Intelligent Data Mining Techniques For Coal Mining Data

DOI : 10.17577/IJERTV2IS2467

Download Full-Text PDF Cite this Publication

Text Only Version

Intelligent Data Mining Techniques For Coal Mining Data

Ravi K Jade#1 , L. K. Verma*2, Kesari Verma#3

#1Department of Mining Engineering National Institute of Technology Raipur

*2Department of Computer Applications Raipur Institute of Technology Raipur

#3 Department of Computer Applications National Institute of Technology Raipur

Abstract

Classification is an important problem in data mining. Given a database of records, each with a class label, a classifier generates a concise and meaningful description for each class that can be used to classify future records whose classes are unknown. A number of popular classifier exists like naïve bays classifier, Neural Network, SVM classifier, CARD etc. In this paper we applied classification algorithm for coal mines dataset. We also discussed decision tree, nearest neighbor classifier, NN classifier for prediction of class label.
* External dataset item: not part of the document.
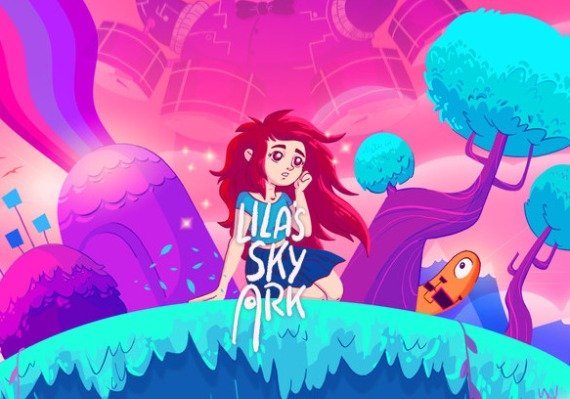 Lila's Sky Ark (PC)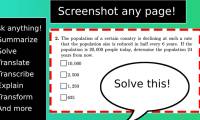 Instructions for creating screenshot shortcuts using ChatGPT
Keywords: Data Mining algorithm, C4.5 algorithm, Naïve Bayes Algorithm, Intelligent Data mining for coal data

Category and Subject Descriptors:

H.2.8 [Information System] : Database Management – database application, data Mining.

  1. Introduction

    Classification is an important problem in data mining. Under the guise of supervised learning, classification has been studied extensively by the machine learning community as a possible solution to the knowledge acquisition or knowledge extraction problem. The input to the classifier construction is a training set of records, each of which is tagged with a class label. A set of attribute values defines each record. Attributes with discrete domains are referred to as categorical, while those with ordered domains are referred to as numeric. The goal is to induce a concise model or description for each class in terms of the attributes. The model is then used by the classifier to

    classify (i.e., assign class labels to) future records whose classes are unknown [10]. It thus, reduces outlier problem. The classification model of dataset is shown in figure 1.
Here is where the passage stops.